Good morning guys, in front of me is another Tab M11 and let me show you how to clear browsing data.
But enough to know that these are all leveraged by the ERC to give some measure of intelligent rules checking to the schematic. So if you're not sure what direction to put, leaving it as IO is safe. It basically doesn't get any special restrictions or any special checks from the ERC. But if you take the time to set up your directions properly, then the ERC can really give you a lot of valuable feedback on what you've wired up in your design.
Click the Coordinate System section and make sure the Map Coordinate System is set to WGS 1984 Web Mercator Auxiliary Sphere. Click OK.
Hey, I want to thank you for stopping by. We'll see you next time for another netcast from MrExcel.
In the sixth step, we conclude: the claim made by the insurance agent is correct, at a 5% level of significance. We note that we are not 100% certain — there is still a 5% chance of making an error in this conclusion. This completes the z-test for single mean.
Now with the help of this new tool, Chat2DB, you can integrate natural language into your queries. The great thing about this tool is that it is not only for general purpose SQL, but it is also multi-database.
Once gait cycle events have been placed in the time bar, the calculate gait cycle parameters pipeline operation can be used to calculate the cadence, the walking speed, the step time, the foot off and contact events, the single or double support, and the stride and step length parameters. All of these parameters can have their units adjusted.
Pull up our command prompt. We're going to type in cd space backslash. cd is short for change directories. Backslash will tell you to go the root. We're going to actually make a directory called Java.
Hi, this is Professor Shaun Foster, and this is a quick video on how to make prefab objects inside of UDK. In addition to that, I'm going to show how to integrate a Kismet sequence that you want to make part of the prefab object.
--
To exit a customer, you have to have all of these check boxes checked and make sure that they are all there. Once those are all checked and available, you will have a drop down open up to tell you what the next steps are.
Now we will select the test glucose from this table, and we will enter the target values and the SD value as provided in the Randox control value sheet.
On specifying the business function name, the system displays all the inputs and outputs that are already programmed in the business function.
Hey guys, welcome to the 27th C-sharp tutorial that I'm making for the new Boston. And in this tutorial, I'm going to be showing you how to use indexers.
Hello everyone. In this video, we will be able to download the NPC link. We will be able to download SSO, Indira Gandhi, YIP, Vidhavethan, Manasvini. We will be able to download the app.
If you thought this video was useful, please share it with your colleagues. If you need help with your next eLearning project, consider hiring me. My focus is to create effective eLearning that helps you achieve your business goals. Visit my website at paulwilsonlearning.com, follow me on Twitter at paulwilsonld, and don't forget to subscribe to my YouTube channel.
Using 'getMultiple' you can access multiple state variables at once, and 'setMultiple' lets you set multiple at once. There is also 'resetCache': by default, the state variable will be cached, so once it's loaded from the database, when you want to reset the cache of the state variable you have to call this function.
--
◆ Problem: Every line above from the line with "Pull up our" to the line with "Hi, this is", inclusive, must be returned exactly; no other line belongs in the reply.

◆ Task result:
Pull up our command prompt. We're going to type in cd space backslash. cd is short for change directories. Backslash will tell you to go the root. We're going to actually make a directory called Java.
Hi, this is Professor Shaun Foster, and this is a quick video on how to make prefab objects inside of UDK. In addition to that, I'm going to show how to integrate a Kismet sequence that you want to make part of the prefab object.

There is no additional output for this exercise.